# WHAT YOU SHOULD DO
In the material below, the line holding "A modern kitchen" and every line after it should be reproduced exactly, please, with pictures omitted.

*** Opening of GIVEN MATERIAL ***

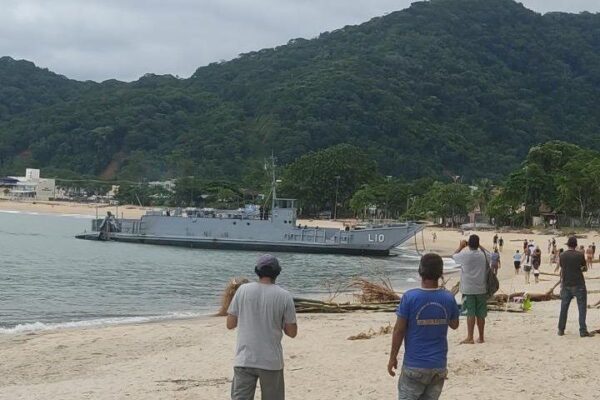 Navio da Marinha encalhado na Praia da Macumba, Rio de Janeiro. Pessoas na praia observam.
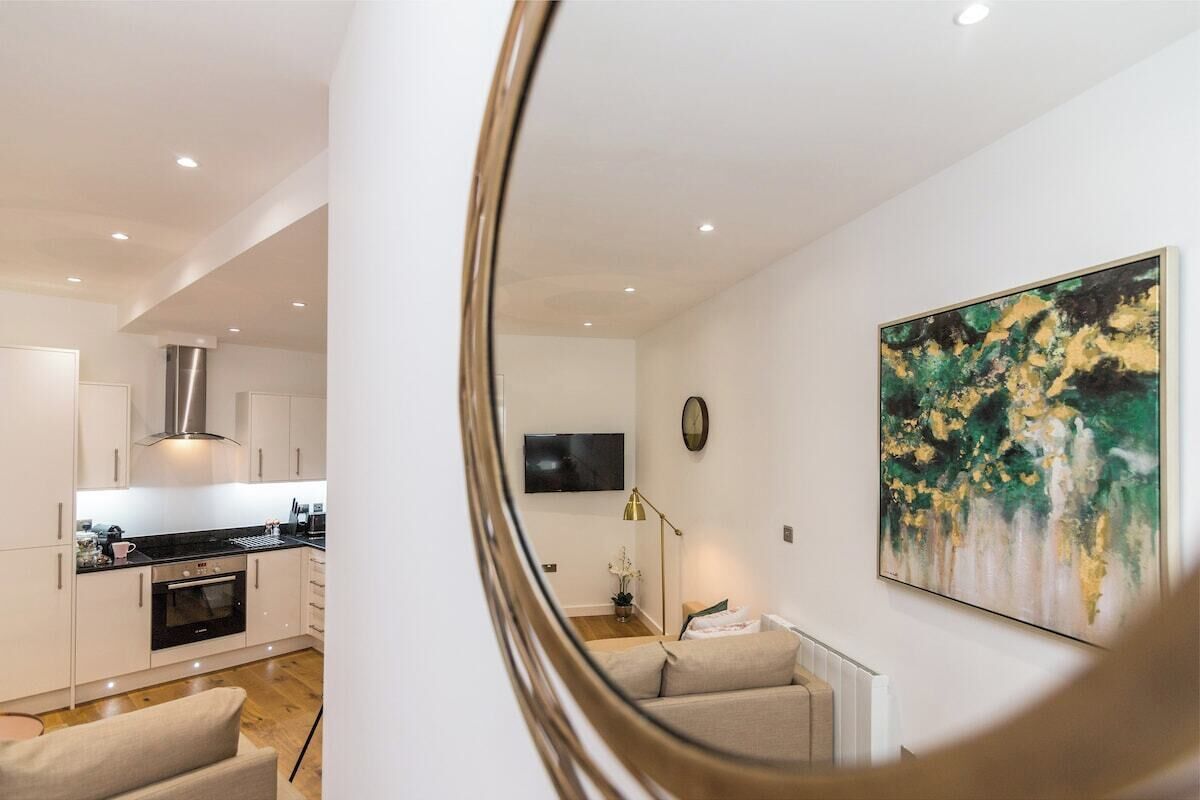 A modern kitchen with white cabinetry, a built-in oven, and a dining area with a table and chairs.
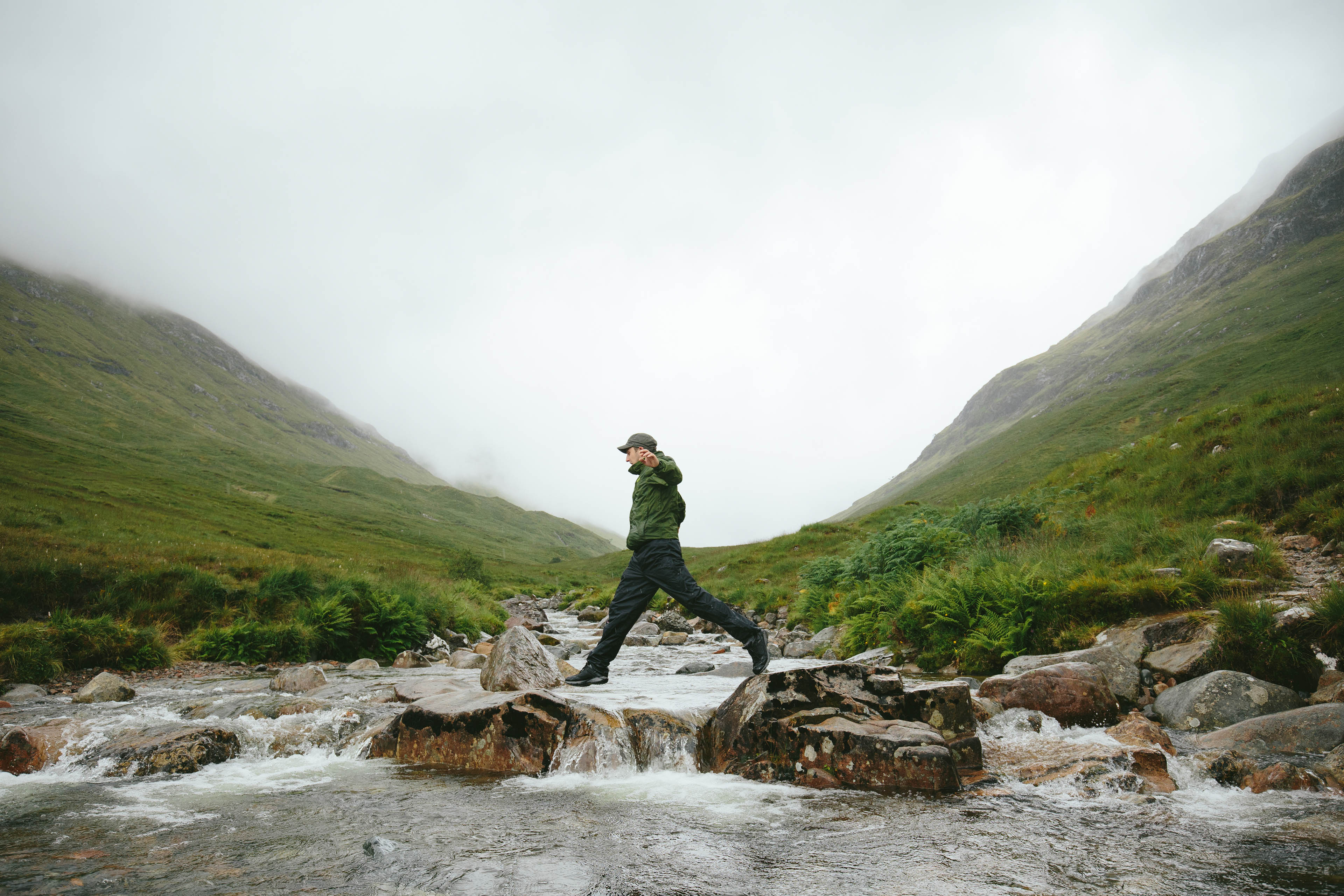 Hiker crossing river in mountain valley Glencoe Scotland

*** Close of GIVEN MATERIAL ***

# SOLVED EXERCISE
 A modern kitchen with white cabinetry, a built-in oven, and a dining area with a table and chairs.
 Hiker crossing river in mountain valley Glencoe Scotland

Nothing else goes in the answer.